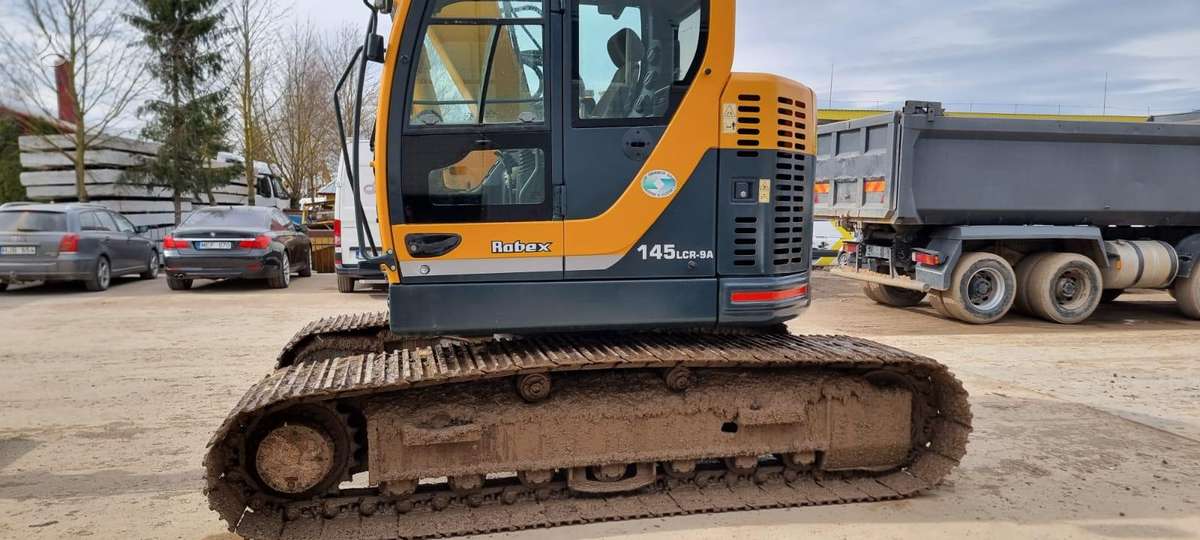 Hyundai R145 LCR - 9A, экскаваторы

--

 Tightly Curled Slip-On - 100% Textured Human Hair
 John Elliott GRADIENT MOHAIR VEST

--

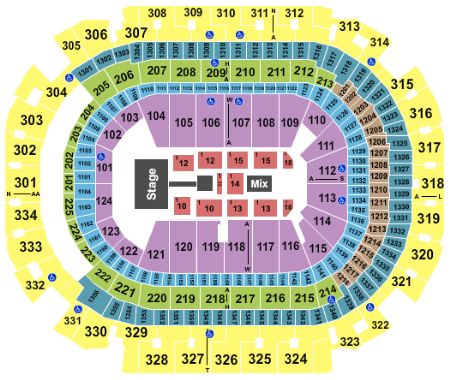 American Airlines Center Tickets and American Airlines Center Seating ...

**Work item**
All lines in the data above from the one with "Tightly Curled Slip-On" through the one with "John Elliott GRADIENT MOHAIR VEST" must be repeated exactly, and no others.

**Exercise response**
 Tightly Curled Slip-On - 100% Textured Human Hair
 John Elliott GRADIENT MOHAIR VEST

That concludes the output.